Many are suffering for their poor judgment, while no bank employee has ended up in jail for approving and providing an unsecured loan, for which all deposits have been called to pay.

Due to the delay in resolving NPLs, individuals and small to medium-sized enterprises (the backbone of the Cyprus economy) struggling to make ends meet have fallen afoul of the black hole, eventually being sucked in and unable to climb out.

Hundreds if not thousands of small businesses have been removed from the equation altogether, with their know-how and experience vanishing into thin air, resulting in Cyprus becoming uncompetitive.

Bank managers also maintained double standards for restructuring loans, with the popular major property developers bailed out first, allegedly because the country would collapse if they weren’t.

The politicians, now being called to ‘intervene’, tolerated the hanky-panky going on in the banks, both because many had their share of unsecured loans that needed to be suppressed and because banks provided job opportunities for those needing favours.
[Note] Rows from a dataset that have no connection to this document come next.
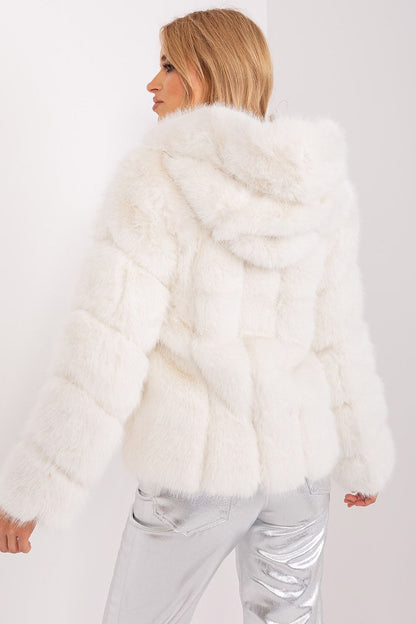   Kurtka Damska Model AT-KR-2386.00P Ecru - AT 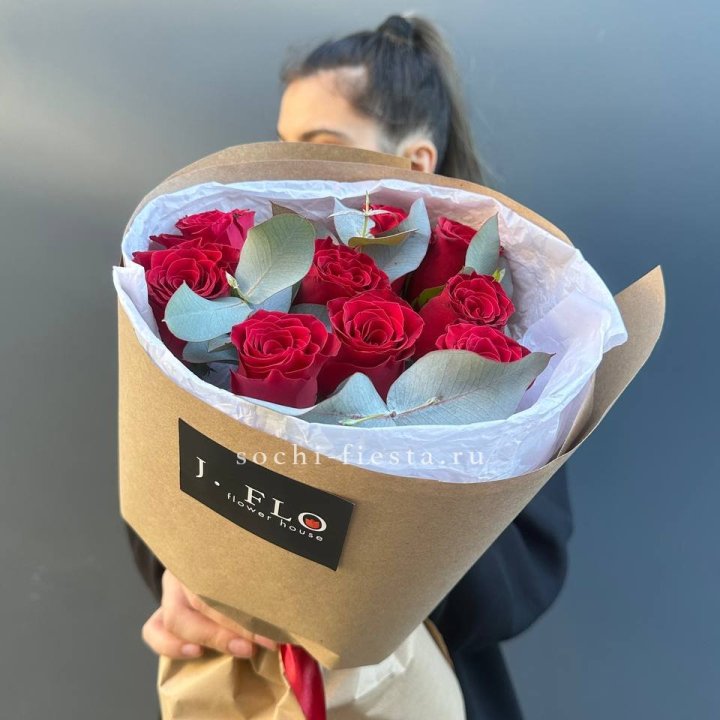 9 роз с эвкалиптом в Братске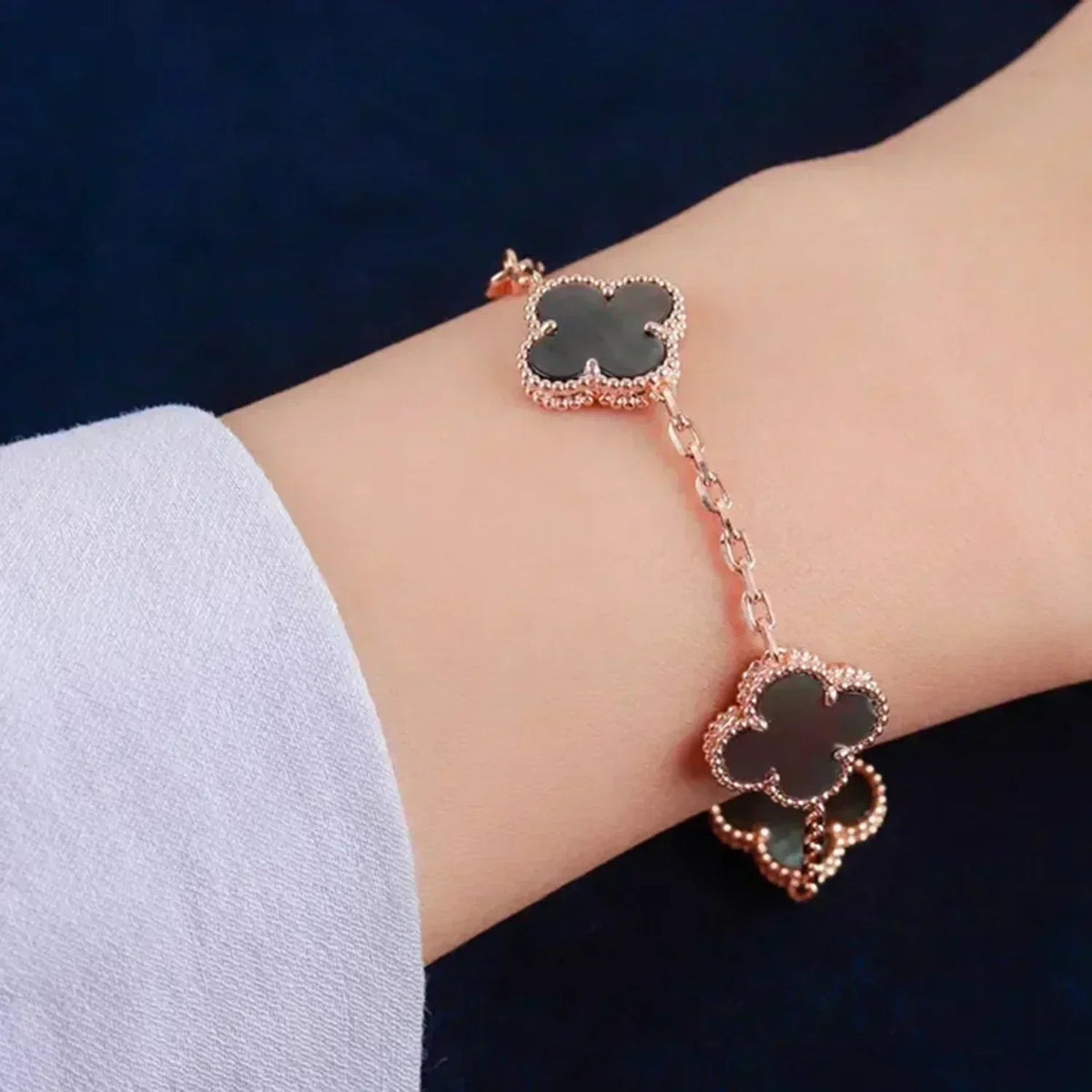 [VA]LUCKY CLOVER 5-MOTIF BRACELET - GREY MOTHER-OF-PEARL COLLECTION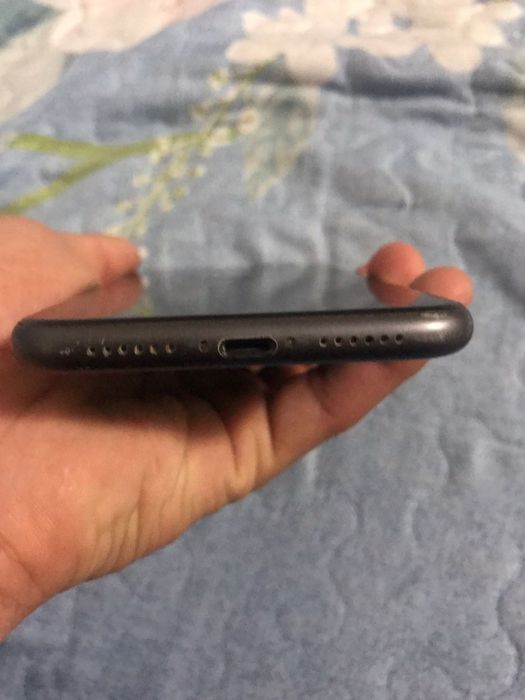 Айфон 11 емкость 77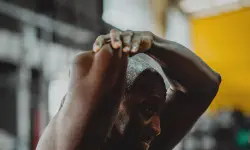 Featured image of post Shoulder Stretches for Runners: Maintaining Upper Body Flexibility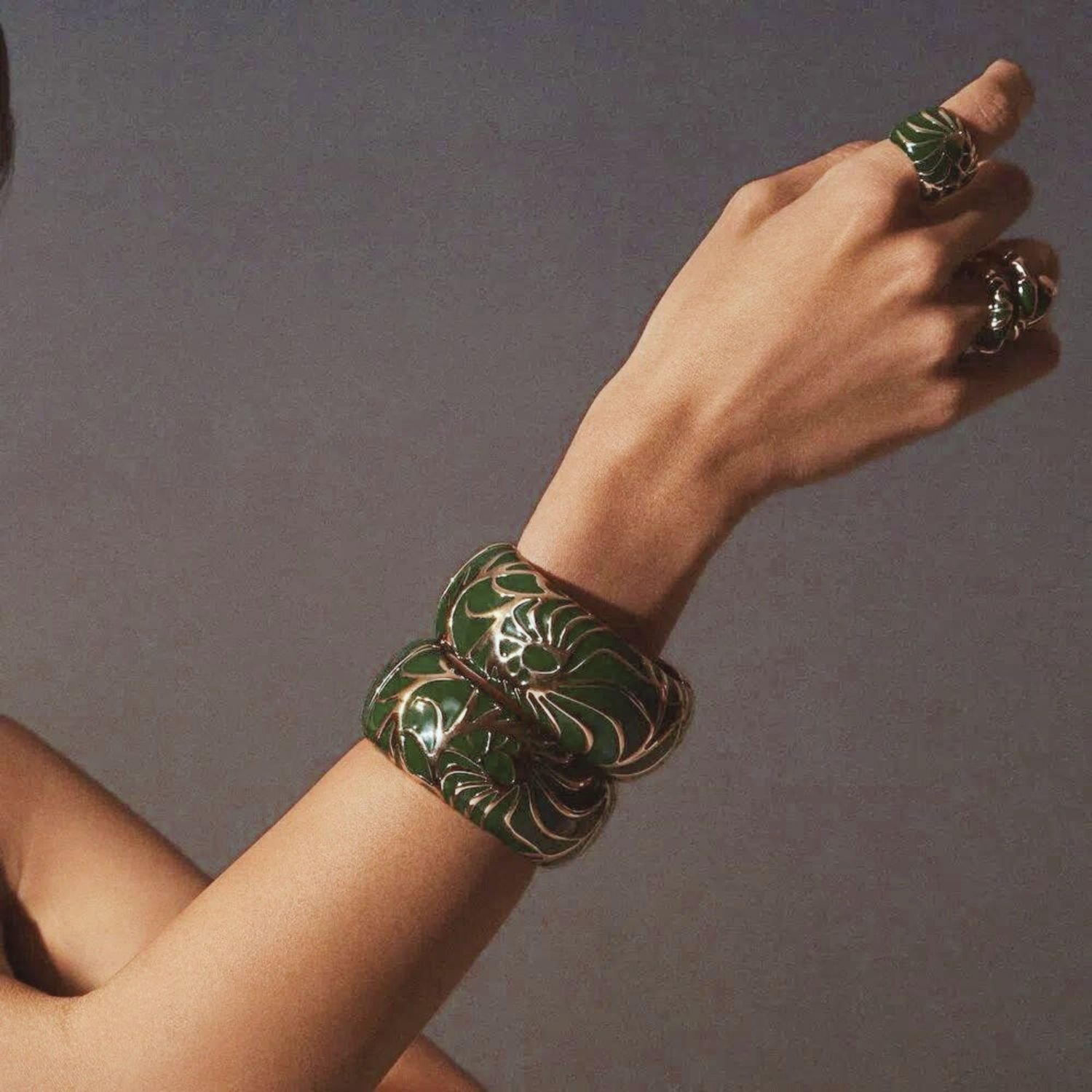 Bracelete Feminino Modern Green Dourado Banhado a Ouro 18k Elegante Presente Feminino Dourado/Verde 2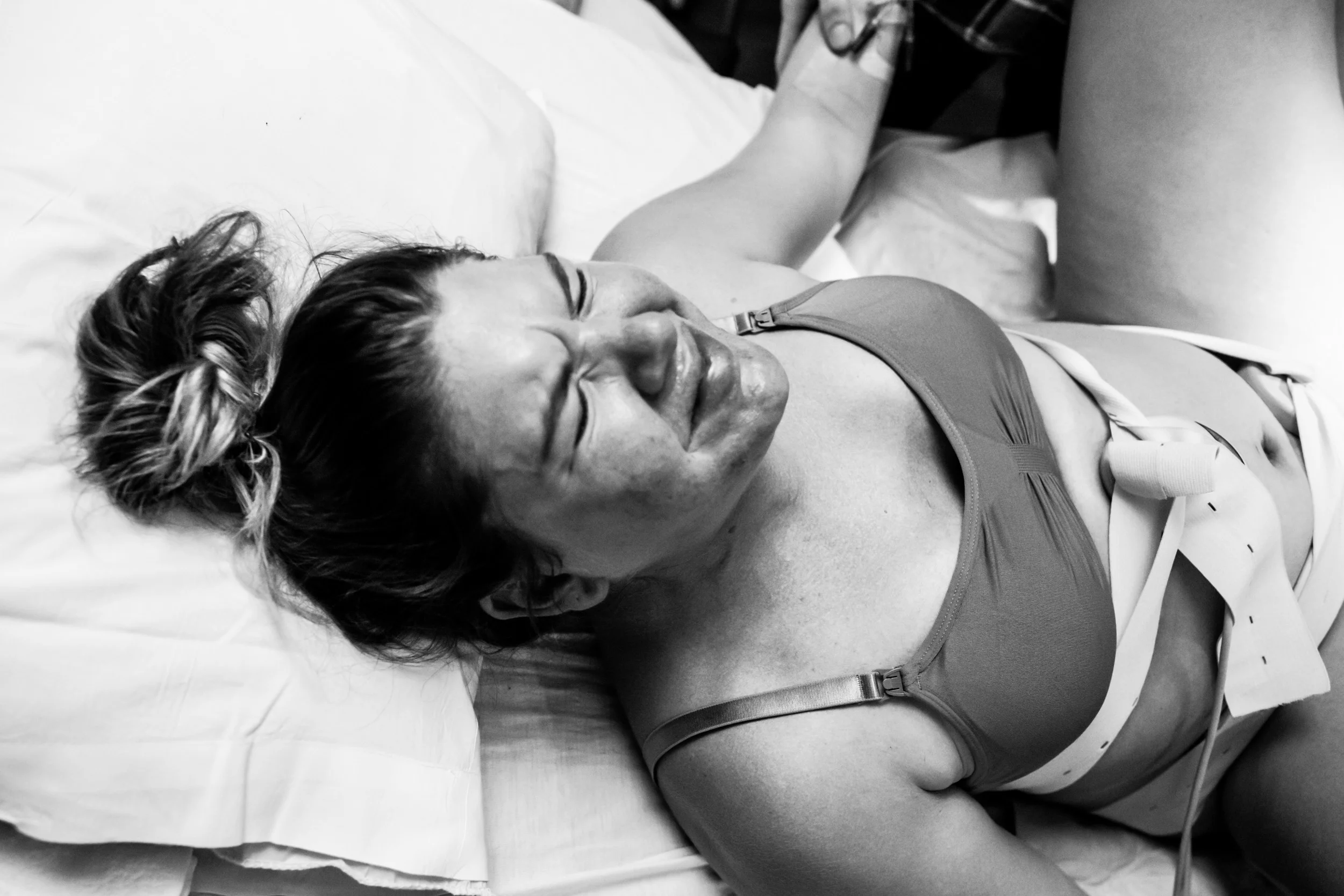 mom in labor pushing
Banks in Cyprus were never regarded as major financiers or risk-takers to underwrite promising enterprises, forcing on many occasions big businesses to seek financing elsewhere, often even with better terms.

That is why in recent years, apart from investment in lucrative insurance subsidiaries, their only core businesses have been from charges and fees.

This unsustainable economic model needs to be changed.

Banks are still too big, considering the size of the Cyprus economy, the only market where they are active.

Instead of hiking charges, we should have seen more online activities, 24/7 services with prompt responses to requests.

Further job cuts are necessary to reduce costs and then start building up their activities, while mergers should not be considered taboo.

At the current pace of banking activities and services, it is only a matter of time for foreign banks to make their presence felt in Cyprus.

Perhaps, with decent competition, matters will improve.

But, until then, keep stashing the cash under the mattress or get alternative financing with electronic money institutions.